Coldstream Meadows is proposing to expand its senior
Coldstream Meadows is proposing to expand its senior's development in response to an Interior Health Authority request for proposals for 46-funded, licensed residential care beds in the North Okanagan.
— image credit: Application proposal

A senior’s development in Coldstream is looking to expand.

Coldstream Meadows wants to develop a two-storey, 60-bed licensed residential care facility (called the Monashee Community of Care) as well as 36 single-storey independent living units (the Terraces).

“We continue to pursue the development of Coldstream Meadows with enhanced care facilities in order to provide a true campus of care in Coldstream,” said Jack Borden, owner.”

The proposal includes increasing the permitted density from the current 160 units to 220 (the proposal would bring the total number of units to just under 200). The application also seeks to increase the allowed developable area from two hectares to 4.75.

The new construction would sit on either side of the existing Coldstream Meadows facilities – the Lodge (the original facility) and the Views and the Cottages (the most recent developments).

“It would add quite a significant chunk outside of the five-acre (two-hectare) footprint,” said Coun. Maria Besso.

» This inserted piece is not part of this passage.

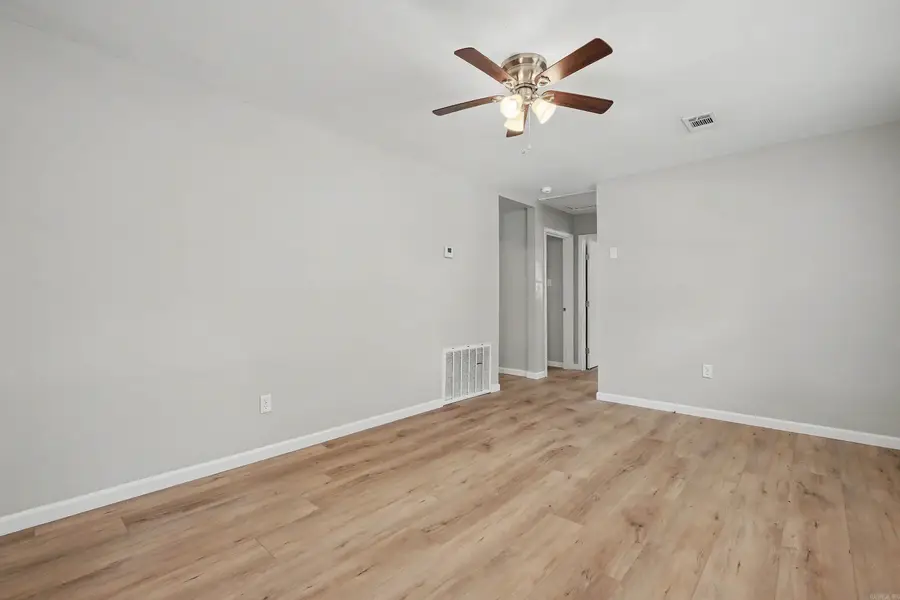8 Durham Drive, Little Rock, AR 72209 - #2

Development at Coldstream Meadows was historically restricted to the two-hectare footprint, including a limit of 160 units, prior to construction of the Views and the Cottages.

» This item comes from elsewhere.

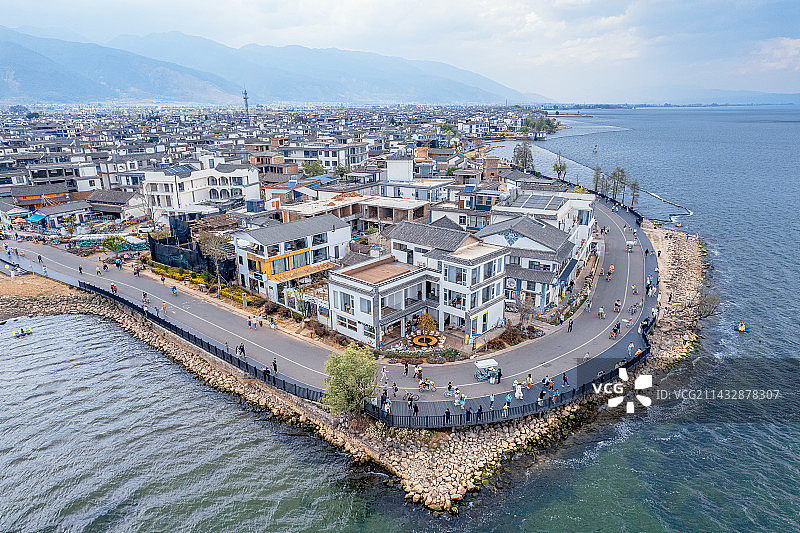 《转角处》--大理磻溪村S弯公路图片素材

The council of the day (2004) struggled with the decision after hearing public opposition to development.

The original application was scaled back from a proposed 270 units.

Due to the controversy in the past, some current Coldstream councillors are hesitant to allow further development on the land.

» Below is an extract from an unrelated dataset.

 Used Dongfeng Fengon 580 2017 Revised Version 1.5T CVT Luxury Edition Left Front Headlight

“It’s a question of trust,” said Besso, adding that the land is in the Agricultural Land Reserve but has non-farm (institutional) use.

But Borden insists there are no construction plans outside of the current proposal.

“We have no plans to build on the northern property,” said Borden.

“That’s been made very clear.”

The application is partially in response to the Interior Health Authority’s recent request for proposal for 46-funded, licensed residential care beds.

The Monashee Community of Care would fit the proposal with 46 IHA funded beds and 14 private pay beds.

“Even if we are not successful on that RFP, we’d still like to develop that piece of our property,” said Borden, adding that the proposal may be modified slightly to suit projected demand.

Borden’s application is also in response to a growing population of seniors needing care.

“The plus 75 population in Greater Vernon is projected to double in the next 20 years,” said Borden.

Coldstream Meadows is currently the only full-service retirement community in Coldstream so Borden says there is a need to expand to provide further spaces with varying levels of care.

“Right now, Coldstream residents requiring a higher level of care must relocate to Vernon or other communities.”

He also sees the campus as a necessity for Coldstream’s sustainability.

“You cannot have a sustainable community if you don’t have a full service retirement community that an aging population requires.”

The application has already been approved by the technical committee (which is a committee of council) with conditions.

Councillors Doug Dirk and Gyula Kiss were opposed to forwarding the application to council.

Council will have the final say on whether or not the application can proceed. The matter is slated for Monday’s council meeting.

Conditions to approval include a landscape plan, 15-metre buffer surrounding the entire property, an additional five-metre buffer for the Terraces, provision of park land or cash in lieu, completion of a traffic impact analysis, report on impacts to the storm water drainage as well as a storm water management plan.